Author: Peter, Sandra, Deimann, Markus

Type of paper: Abstract refereed


Openness has become a code word (some might also say a buzz word) for a variety of digital trends and movements. With regard to education, openness has been utilised to promote grand transformations such as the free and unrestricted proliferation of learning materials from educators, teachers and students all over the world (Open Educational Resources, OER). There has also been an uptake of so-called Massive Open Online Courses (MOOC) to capitalise on the vast amount of OER in such a way that not only dissemination of open materials but also collaborative open practices are ensured. The tremendous popularity of MOOCs (with more than 100,000 participants) has triggered attention not only from academic but also from mainstream media. Especially since elite institutions Harvard University and Massachusetts Institute of Technology (MIT) have joined forces and launched EdX – an online open platform that offers free courses from both universities – a debate has started criticising the blurring of educational and economic factors. This debate is further amplified by the emergence of commercial start-ups like Udacity and Coursera that provide free 'open' courses to thousands of students. Whereas the original MOOC model focuses on philosophical and humanistic values (free and open education as a fundamental right to everybody), online platforms like Edx, Udacity or Coursera slightly shift the perspective to “effective” online learning and teaching arguably undermining the significance of openness for education that has become apparent long before the recent emergence of OER.

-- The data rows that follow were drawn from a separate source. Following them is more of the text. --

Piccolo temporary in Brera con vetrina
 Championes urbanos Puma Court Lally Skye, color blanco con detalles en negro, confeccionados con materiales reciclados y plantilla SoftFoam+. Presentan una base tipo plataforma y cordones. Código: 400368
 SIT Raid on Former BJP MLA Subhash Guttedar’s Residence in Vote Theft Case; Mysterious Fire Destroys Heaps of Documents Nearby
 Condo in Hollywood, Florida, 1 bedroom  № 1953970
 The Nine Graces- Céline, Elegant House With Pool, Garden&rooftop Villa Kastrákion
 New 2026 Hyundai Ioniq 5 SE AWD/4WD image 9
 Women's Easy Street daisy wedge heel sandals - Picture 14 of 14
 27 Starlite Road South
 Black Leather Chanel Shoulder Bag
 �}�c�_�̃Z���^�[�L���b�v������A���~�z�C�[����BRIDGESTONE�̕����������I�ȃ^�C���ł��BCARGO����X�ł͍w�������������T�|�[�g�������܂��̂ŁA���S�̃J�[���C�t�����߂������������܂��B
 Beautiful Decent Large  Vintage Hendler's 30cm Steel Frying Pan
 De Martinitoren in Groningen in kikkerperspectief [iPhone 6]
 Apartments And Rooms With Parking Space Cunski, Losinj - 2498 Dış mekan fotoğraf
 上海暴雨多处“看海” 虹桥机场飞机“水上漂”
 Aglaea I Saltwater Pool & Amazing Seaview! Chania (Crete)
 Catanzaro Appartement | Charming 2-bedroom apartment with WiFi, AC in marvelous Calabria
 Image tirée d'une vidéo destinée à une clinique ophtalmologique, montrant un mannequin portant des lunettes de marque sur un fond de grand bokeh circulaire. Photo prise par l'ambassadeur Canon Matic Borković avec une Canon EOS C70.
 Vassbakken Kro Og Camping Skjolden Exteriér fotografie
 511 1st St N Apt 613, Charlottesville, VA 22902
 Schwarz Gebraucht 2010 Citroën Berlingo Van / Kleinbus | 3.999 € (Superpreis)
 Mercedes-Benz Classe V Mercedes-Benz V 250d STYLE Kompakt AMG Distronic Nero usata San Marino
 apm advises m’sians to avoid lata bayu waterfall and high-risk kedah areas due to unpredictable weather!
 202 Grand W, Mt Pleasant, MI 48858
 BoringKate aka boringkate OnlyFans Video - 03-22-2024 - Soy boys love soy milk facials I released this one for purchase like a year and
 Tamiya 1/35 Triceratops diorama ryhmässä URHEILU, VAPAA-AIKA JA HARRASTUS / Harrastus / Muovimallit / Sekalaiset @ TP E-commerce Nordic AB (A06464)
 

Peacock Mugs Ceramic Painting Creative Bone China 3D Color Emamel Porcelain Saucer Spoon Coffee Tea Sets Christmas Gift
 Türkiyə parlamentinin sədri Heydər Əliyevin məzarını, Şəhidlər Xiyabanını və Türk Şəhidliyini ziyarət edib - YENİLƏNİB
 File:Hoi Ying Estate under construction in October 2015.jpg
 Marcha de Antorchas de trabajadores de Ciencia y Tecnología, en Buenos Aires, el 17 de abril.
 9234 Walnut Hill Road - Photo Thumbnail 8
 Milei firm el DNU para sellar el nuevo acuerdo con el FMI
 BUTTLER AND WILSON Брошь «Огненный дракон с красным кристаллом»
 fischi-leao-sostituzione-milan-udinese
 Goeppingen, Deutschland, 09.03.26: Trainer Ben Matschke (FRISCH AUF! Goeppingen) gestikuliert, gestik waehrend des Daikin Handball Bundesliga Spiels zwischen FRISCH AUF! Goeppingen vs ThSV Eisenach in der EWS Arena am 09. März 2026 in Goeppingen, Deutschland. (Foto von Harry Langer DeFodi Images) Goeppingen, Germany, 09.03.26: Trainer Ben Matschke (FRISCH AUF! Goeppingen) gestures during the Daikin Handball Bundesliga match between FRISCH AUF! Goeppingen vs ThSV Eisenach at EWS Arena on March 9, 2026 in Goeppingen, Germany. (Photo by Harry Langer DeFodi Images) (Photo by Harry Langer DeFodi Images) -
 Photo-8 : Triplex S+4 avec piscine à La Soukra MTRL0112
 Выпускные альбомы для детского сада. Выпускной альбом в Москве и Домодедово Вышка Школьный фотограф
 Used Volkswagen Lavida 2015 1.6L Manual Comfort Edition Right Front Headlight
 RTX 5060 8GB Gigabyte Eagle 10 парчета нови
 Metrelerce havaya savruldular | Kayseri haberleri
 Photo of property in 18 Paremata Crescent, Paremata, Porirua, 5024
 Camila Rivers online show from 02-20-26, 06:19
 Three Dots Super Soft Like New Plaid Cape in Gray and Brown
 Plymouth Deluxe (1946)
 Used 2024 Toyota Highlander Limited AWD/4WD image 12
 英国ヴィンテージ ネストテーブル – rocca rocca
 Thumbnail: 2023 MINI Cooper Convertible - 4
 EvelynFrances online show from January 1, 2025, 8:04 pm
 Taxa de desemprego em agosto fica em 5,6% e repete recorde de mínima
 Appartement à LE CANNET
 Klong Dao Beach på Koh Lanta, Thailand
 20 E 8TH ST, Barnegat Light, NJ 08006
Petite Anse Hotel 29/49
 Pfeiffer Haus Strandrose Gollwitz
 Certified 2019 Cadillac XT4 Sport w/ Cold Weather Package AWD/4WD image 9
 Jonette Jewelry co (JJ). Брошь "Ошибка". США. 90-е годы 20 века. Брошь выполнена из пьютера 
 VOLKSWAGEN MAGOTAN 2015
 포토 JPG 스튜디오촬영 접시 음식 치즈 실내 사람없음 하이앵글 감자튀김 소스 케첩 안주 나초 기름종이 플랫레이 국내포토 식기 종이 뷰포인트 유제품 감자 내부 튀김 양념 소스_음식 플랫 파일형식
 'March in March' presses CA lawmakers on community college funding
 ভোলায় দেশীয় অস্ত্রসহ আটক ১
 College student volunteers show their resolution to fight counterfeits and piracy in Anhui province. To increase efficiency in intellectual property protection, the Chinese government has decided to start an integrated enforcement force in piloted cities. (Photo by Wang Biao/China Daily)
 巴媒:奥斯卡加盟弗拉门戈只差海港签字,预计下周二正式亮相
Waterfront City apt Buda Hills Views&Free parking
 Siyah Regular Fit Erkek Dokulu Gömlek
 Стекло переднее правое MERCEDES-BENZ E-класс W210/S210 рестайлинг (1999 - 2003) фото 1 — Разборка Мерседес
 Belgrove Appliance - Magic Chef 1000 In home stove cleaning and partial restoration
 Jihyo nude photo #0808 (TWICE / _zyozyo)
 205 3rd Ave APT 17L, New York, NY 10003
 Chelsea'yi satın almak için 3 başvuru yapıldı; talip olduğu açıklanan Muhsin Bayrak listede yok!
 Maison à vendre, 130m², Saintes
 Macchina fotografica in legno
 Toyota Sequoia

Such initiatives are currently only debated in the context of the new digital technologies and practices that have allowed them to emerge. This paper proposes a historical reconstruction of the importance of openness for education by reviewing developments from the past centuries. It is argued that such knowledge will contribute to a more balanced understanding of openness in the interplay between commercial interests and humanistic rights to education, by understanding how education has become 'open' over time.